ACL’s added capacity will allow it to increase shipper cargo allocations.

   Andy Abbott, president and chief executive officer of Atlantic Container Line, said he’s looking forward to being able to say “yes” to shippers who want to book more cargo.
  
The transatlantic carrier’s capacity will grow markedly when it takes delivery of five new container/roll-on, roll-off (con/ro) ships in 2015.
  
Abbott explained that today, even though his current ships are the largest con/ros in the business, ACL sometimes has to tell even good customers that it can only take a thin slice of their business.
  
ACL’s new ships will replace a fleet that was built in 1984, and will be the fourth generation of vessels the company has operated on the transatlantic.
  
The modern ships will only be four meters longer, 5.5 meters beamier, and have about the same draft. But they will have capacity to carry far more cargo — 3,800 TEUs, a 105 percent increase; 1,307 cars, a 31 percent increase; and 28,900 square meters for large ro/ro cargo or containers, a 45 percent increase.
  
This substantial carrying capacity increase is made possible through a clever design by Denmark’s International Maritime Advisors and adapted by the Danish naval architect Knud E. Hansen. Hudong-Zhonghua Shipbuilding in Shanghai is building the vessels.
  
By changing around the way cargo is distributed on board the ship, ACL will essentially be able to use the container freight it carries to stabilize the ship instead of non-paying ballast water.
  
The new ships will have about the same amount of steel in their structure as ACL’s current vessels, but employ a smaller crew, burn less fuel and double container capacity.
  
“My cargo per ton of fuel burned more than doubles. My environmental impact is cut to less than half. To be able to be fuel- efficient like this is enormous in today’s world. We couldn’t turn this opportunity down,” Abbott said.

Sources: ACL.

  
ACL signed a contract with Hudong-Zhonghua last summer, and a year was spent completing the design before steel-cutting began in September. The yard will start assembling modules for the first ship in March 2014, and complete it during the second half of January 2015.
  
“No ship like this has ever been built before. This is going to be the first of its kind,” Abbott said.
  
He said ACL selected Hudong-Zhonghua because of its experience building complex vessels such as naval ships, ro/ros and gas carriers, and also because the shipyard recognized its limitations and was eager to hire a designer from Hansen to assist it with the project. Abbott said they also quoted a very attractive price.
  
“Engineering-wise, we’ve been very impressed by the questions they’ve asked, the modifications they’ve suggested. Everything that we’ve done with them so far has been positive,” Abbott said. “With everybody else, we came to them with this novel ship design and most of the shipyards said, ‘that’s great but we want to give you one that we’ve built already.’ In other words, we want to give you something that’s off our shelf.”
  
The new ships are even more flexible than ACL’s existing con/ros. If demand for ro/ro cargo is light, containers can be stowed two high on the ro/ro decks, and wheeled on and off with special trailers. And the car decks will all be high enough to accommodate SUVs, and be hoistable so that if there is no demand for automobiles, a tractor, for example, could be carried.
  
Like the company’s existing ships, ACL will have cell guides above deck. Abbott noted these have become less popular in recent years with many container carriers, but he attributed them to the fact that ACL has not lost containers overboard since 1984. And he said it speeds up cargo handling by reducing the need for lashing.
  
He also said there’s enough space in the ship that it could be converted to run on LNG or take on scrubbers.

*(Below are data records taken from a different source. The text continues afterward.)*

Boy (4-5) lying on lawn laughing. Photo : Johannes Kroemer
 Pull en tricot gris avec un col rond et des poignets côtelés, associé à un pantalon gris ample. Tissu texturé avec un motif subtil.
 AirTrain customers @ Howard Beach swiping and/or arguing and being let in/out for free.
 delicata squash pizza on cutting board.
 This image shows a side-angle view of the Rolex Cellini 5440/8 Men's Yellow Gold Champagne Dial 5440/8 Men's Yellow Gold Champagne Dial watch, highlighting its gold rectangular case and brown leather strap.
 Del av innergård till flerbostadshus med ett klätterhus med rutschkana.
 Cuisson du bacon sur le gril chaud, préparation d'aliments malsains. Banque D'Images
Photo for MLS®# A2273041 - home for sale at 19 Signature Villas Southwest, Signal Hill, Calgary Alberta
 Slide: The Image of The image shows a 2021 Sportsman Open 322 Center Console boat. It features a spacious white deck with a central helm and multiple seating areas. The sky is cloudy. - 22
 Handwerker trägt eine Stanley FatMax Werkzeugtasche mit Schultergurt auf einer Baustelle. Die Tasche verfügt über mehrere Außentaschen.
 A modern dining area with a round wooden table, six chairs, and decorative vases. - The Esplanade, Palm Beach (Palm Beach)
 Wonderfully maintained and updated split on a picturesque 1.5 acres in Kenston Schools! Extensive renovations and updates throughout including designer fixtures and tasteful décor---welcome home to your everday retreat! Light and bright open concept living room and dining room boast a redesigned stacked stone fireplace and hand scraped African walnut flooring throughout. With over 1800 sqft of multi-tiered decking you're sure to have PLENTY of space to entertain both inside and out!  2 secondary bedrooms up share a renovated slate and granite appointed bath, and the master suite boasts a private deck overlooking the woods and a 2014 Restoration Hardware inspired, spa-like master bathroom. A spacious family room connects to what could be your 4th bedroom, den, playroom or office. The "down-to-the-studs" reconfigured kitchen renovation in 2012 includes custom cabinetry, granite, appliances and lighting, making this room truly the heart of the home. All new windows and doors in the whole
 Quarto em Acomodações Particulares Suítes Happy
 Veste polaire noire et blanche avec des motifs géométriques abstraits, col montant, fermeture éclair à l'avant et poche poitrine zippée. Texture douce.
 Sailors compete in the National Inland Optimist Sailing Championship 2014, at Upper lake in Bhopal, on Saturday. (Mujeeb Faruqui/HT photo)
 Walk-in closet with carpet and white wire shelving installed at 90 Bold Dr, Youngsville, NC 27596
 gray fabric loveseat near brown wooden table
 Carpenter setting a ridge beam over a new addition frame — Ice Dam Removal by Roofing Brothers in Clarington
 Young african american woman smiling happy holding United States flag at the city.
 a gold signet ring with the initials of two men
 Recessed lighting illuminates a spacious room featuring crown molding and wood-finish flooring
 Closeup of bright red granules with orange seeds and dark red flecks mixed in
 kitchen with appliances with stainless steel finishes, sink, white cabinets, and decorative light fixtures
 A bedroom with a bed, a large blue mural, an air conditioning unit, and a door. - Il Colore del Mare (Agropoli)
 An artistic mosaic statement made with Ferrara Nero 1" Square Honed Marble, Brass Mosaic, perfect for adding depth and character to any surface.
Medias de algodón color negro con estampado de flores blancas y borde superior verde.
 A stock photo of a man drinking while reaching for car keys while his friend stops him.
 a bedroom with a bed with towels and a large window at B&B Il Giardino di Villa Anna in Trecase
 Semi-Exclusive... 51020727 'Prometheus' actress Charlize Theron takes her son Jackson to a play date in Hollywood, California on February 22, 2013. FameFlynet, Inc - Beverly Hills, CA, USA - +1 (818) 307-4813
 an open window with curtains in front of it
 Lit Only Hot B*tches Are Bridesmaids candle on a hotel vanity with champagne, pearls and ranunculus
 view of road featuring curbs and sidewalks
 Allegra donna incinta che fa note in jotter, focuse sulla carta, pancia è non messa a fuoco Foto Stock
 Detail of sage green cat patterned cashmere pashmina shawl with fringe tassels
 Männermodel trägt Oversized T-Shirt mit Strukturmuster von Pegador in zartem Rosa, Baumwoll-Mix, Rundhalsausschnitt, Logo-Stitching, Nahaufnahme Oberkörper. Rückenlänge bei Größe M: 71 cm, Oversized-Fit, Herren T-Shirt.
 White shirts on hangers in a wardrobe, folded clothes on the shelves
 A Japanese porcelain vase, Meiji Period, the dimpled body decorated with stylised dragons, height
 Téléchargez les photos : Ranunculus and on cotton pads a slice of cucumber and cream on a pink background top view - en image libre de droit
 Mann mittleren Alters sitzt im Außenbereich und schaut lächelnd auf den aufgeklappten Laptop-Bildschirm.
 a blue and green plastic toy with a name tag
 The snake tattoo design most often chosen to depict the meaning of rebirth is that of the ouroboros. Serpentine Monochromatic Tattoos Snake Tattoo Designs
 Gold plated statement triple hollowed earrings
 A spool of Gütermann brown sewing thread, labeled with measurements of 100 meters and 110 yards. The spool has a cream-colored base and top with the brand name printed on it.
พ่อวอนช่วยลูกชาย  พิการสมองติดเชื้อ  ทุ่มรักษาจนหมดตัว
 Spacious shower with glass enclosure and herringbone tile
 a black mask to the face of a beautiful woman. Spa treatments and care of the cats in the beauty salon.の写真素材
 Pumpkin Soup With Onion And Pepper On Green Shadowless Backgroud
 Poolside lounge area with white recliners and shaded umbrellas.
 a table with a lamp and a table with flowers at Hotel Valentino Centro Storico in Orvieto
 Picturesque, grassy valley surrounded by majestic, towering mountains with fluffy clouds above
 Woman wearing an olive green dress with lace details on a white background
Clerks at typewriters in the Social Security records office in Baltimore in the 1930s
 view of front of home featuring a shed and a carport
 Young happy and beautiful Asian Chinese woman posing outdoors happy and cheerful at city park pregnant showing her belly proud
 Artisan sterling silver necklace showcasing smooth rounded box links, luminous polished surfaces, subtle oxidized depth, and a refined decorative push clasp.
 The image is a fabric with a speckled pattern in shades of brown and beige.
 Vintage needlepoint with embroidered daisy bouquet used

Recipe For Success. Abbott said in addition to being able to carry a mix of container and ro/ro cargo, one of ACL’s keys to success is its choice of ports and rotation — Halifax, New York, Baltimore, Norfolk, New York, Halifax, Liverpool, Antwerp, Hamburg, Gothenburg, Antwerp, Liverpool, Halifax, and New York.
  
The company’s decision to call lesser-served ports, such as Liverpool and Gothenberg, Halifax, and Baltimore, as well as common ports such as New York and Hamburg, makes it attractive to some shippers. So does fast transit times because of the double port calls.
  
Of course, the container shipping issue du jour is the P3 alliance planned by Maersk, Mediterranean Shipping Co., and CMA CGM.
  
Abbott believes if regulators allow the P3 to go forward, the three carriers will have such a big economy of scale advantage in the transpacific and Asia-Europe trade lanes that other carriers will react by forming their own, larger alliances, meaning that “at the end of the day you’re probably only going to be giving the customer two or three choices.”
  
That begs the question, he said, of “how do you compete on other than price within your consortium? Or do you do the next stage and start merging?
  
“Now on the Atlantic side, I’ve yet to see exactly what it’s going to mean,” he added. “But the Atlantic’s kind of a much smaller trade to start with. And today, on a pure-container basis, I don’t think it’s profitable.”
  
He said when the Far East trade slowed down, carriers started cascading ships into the Atlantic and adding new strings, and “it went from being very profitable to being killed.”
  
Abbott hopes the new ships and other changes ACL has planned will allow the company to increase its share of the non-military transatlantic container market from 4 percent to 9 percent over a period.
  
One way ACL expects to do that is by expanding in the South Atlantic and Gulf, where it has only a 1 percent market share. The company is looking to add port calls in Charleston, Savannah or Jacksonville.
  
Because ACL is a small carrier, relatively small additions of cargo can make a big difference. If ACL goes from having a 1 percent share to a 5 percent share of the South Atlantic and Gulf container market, Abbott said “it is probably not even going to be noticed in the trade… but for us, it’s going to mean a lot.”
  
ACL’s small size means the company can pay a lot more attention to its customers.
  
“We are too small to go after the high-volume traffic, so we focus on the real small-volume traffic,” he said.
  
“If you’re a shipper and you’ve only got 25 containers a year and you go to somebody who’s shipping 20,000 containers a week, that guy can’t babysit you,” he said. For ACL, it’s a big customer that gets treated accordingly.
  
With the new ships Abbott says he is excited about “finally being able to say ‘yes’ to the customers who try to book with us. We have been tapped out on space for the last four years. We had to pick and choose and allocate space to customers because we don’t have capacity.
  
“We have certain customers who want to give us a couple of hundred TEUs a week and I say ‘I can take 40.’ The big mega-lines… they may laugh at those numbers, but for us it is a lot.
  
“When you only have 1,850 (box spaces), you are sort of limited. If a customer comes along, and says ‘I have 250 or 300 TEUs of cargo I want to give you,’ there is no way I can take that now,” he said.
  
Too much of the ship would be dedicated to a single shipper, he explained. If the shipper ran into problems and was unable to move cargo, ACL would have a major problem.
  
“By being larger, I’m going to be able to say ‘yes’ to those guys who want to give me a larger market share, ” Abbott said.
  
He said ACL has about 175 employees in the United States and about the same number in Europe, and the company has seen very little turnover in staff — the average ACL sales person has been with the company 17 years.
  

Grimaldi. ACL carried out a major downsizing about 20 years ago, but in recent years it has added staff following the company’s acquisition by the Italian shipping firm Grimaldi in 2001.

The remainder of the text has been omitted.